However, with blobs, analysis doesn't always know where to start, so you may need to kick things off with `vw.makeCode()` or `vw.makeFunction()`::

    In [11]: len(vw.getLocations())                                                                                                                                                                                                              
    Out[11]: 0x0

    In [12]: vw.makeFunction(0x20000000)

If you want to specify a particular architecture, provide it as part of the call to `vw.makeFunction()`::

    In [12]: vw.makeFunction(0x20000000, arch=envi.ARCH_ARMV7)


For `ihex` and `srec` the process is simpler.  Since both provide address information as well as the possibility of starting code, you need only ensure the architecture is correct::

    In [6]: vw = vivisect.VivWorkspace()                                                                                                                                                                                                         

    In [7]: vw.config.viv.parsers.ihex.arch='arm'

    In [8]: vw.loadFromFile('firmware.blob')

    In [9]: vw.analyze()


Having More Fun with Workspaces
===============================

Vivisect maintains a list of Segments (in some cases, aka "sections"), which you can review like so::

    In [39]: vw.getSegments()                                                                                                          
    Out[39]: [(0x20000000, 0x100000, '20000000', 'firmware')]

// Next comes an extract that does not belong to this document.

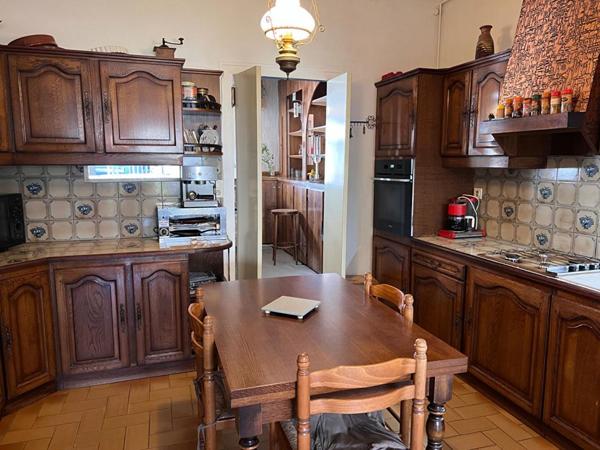 Charmante maison de ville - Beau potentiel proche du centre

Often more importantly, you can inspect the workspace's Memory Maps::

    In [45]: vw.getMemoryMaps()                                                                                                        
    Out[45]: [(0x20000000, 0x100000, 0x7, 'firmware')]

And if you provide an address to the "singular" form, Vivisect will return the map for that particular address::

    In [46]: vw.getMemoryMap(0x20000005)
    Out[46]: (0x20000000, 0x100000, 0x7, 'firmware')